[STORED DATA]

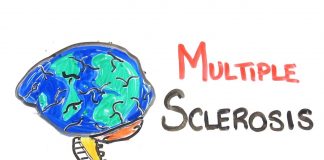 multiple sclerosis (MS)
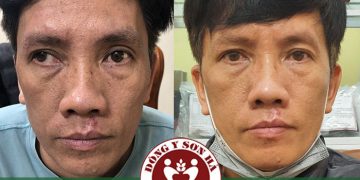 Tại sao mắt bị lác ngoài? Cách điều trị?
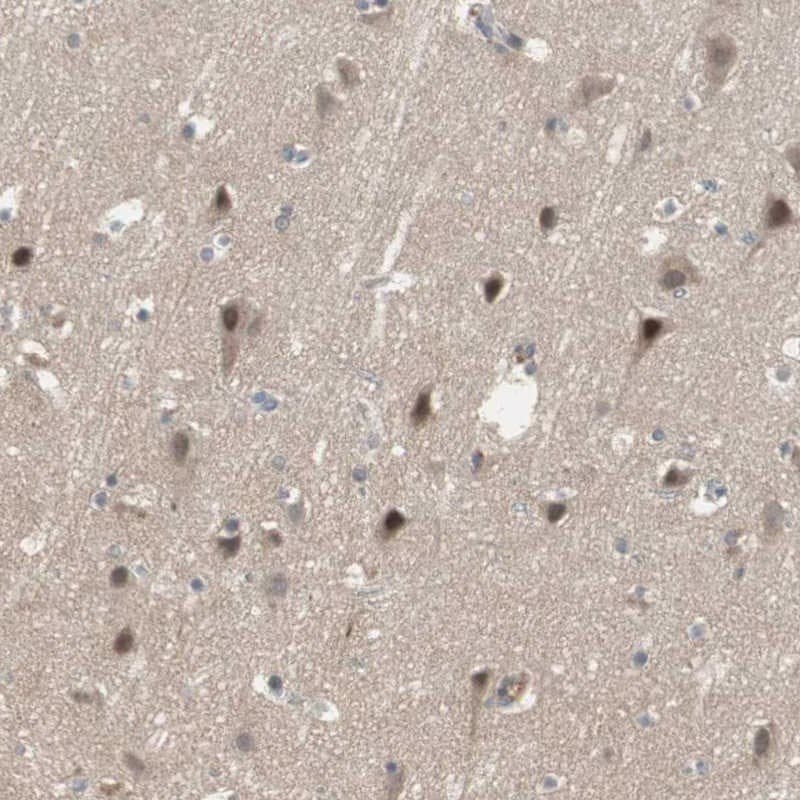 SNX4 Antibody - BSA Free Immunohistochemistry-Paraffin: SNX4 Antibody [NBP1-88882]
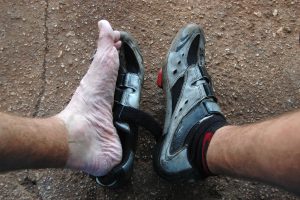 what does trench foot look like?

[/STORED DATA]

** EXERCISE GOAL **
Nothing but the pictures is to be left out; repeat the data exactly.

** SOLUTION TO THE PROBLEM **
 multiple sclerosis (MS)
 Tại sao mắt bị lác ngoài? Cách điều trị?
 SNX4 Antibody - BSA Free Immunohistochemistry-Paraffin: SNX4 Antibody [NBP1-88882]
 what does trench foot look like?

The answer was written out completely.